* TASK DETAILS
Your answer should be an exact copy of the lines from the start of the entries to the line containing "2022 Kia Carnival", both included.

Records from a data collection:
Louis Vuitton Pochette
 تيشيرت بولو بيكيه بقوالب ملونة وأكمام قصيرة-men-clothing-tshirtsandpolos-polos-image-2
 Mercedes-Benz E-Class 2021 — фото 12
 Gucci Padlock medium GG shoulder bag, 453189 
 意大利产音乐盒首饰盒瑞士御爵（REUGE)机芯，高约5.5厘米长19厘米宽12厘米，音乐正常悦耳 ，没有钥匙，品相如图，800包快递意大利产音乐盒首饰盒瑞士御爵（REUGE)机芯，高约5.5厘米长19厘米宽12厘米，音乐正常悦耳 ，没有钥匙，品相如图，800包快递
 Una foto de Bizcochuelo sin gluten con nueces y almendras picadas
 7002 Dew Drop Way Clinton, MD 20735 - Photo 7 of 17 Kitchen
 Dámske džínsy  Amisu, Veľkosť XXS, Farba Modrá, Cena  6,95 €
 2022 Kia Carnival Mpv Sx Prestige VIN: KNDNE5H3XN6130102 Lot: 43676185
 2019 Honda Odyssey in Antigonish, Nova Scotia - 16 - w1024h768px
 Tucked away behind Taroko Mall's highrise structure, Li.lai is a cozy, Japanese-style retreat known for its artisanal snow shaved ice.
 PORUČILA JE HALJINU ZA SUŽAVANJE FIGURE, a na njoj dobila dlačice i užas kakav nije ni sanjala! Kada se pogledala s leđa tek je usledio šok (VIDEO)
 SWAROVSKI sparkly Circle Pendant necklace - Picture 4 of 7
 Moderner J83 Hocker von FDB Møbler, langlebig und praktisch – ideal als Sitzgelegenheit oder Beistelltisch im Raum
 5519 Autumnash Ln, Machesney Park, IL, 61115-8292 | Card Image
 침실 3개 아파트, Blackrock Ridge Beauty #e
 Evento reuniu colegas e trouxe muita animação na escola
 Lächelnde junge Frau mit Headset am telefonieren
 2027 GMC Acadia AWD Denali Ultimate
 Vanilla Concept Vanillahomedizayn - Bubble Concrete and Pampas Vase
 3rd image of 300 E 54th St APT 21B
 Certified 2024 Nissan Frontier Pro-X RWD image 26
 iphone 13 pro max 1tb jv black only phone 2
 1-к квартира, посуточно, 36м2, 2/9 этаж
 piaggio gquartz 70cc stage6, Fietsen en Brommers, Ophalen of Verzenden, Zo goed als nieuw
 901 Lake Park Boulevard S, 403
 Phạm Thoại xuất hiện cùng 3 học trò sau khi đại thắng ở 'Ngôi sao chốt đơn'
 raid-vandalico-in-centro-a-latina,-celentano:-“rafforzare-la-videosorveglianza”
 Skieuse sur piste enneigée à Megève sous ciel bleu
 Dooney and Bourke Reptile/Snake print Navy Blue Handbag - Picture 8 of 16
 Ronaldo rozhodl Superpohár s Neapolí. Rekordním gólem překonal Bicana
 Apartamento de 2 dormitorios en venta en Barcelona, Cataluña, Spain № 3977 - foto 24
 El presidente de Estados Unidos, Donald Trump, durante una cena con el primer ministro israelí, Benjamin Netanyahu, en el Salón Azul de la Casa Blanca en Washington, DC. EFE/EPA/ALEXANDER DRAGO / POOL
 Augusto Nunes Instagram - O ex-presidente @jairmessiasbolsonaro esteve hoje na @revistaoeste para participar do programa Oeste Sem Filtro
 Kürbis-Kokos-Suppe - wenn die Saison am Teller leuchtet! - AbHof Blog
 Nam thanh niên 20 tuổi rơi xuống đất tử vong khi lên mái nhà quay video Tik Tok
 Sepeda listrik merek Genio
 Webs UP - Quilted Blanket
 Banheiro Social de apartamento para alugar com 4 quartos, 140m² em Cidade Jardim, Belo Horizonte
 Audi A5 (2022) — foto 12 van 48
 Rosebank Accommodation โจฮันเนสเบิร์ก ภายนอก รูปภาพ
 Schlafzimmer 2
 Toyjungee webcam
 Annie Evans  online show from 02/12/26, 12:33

* ANSWER BOX
Louis Vuitton Pochette
 تيشيرت بولو بيكيه بقوالب ملونة وأكمام قصيرة-men-clothing-tshirtsandpolos-polos-image-2
 Mercedes-Benz E-Class 2021 — фото 12
 Gucci Padlock medium GG shoulder bag, 453189 
 意大利产音乐盒首饰盒瑞士御爵（REUGE)机芯，高约5.5厘米长19厘米宽12厘米，音乐正常悦耳 ，没有钥匙，品相如图，800包快递意大利产音乐盒首饰盒瑞士御爵（REUGE)机芯，高约5.5厘米长19厘米宽12厘米，音乐正常悦耳 ，没有钥匙，品相如图，800包快递
 Una foto de Bizcochuelo sin gluten con nueces y almendras picadas
 7002 Dew Drop Way Clinton, MD 20735 - Photo 7 of 17 Kitchen
 Dámske džínsy  Amisu, Veľkosť XXS, Farba Modrá, Cena  6,95 €
 2022 Kia Carnival Mpv Sx Prestige VIN: KNDNE5H3XN6130102 Lot: 43676185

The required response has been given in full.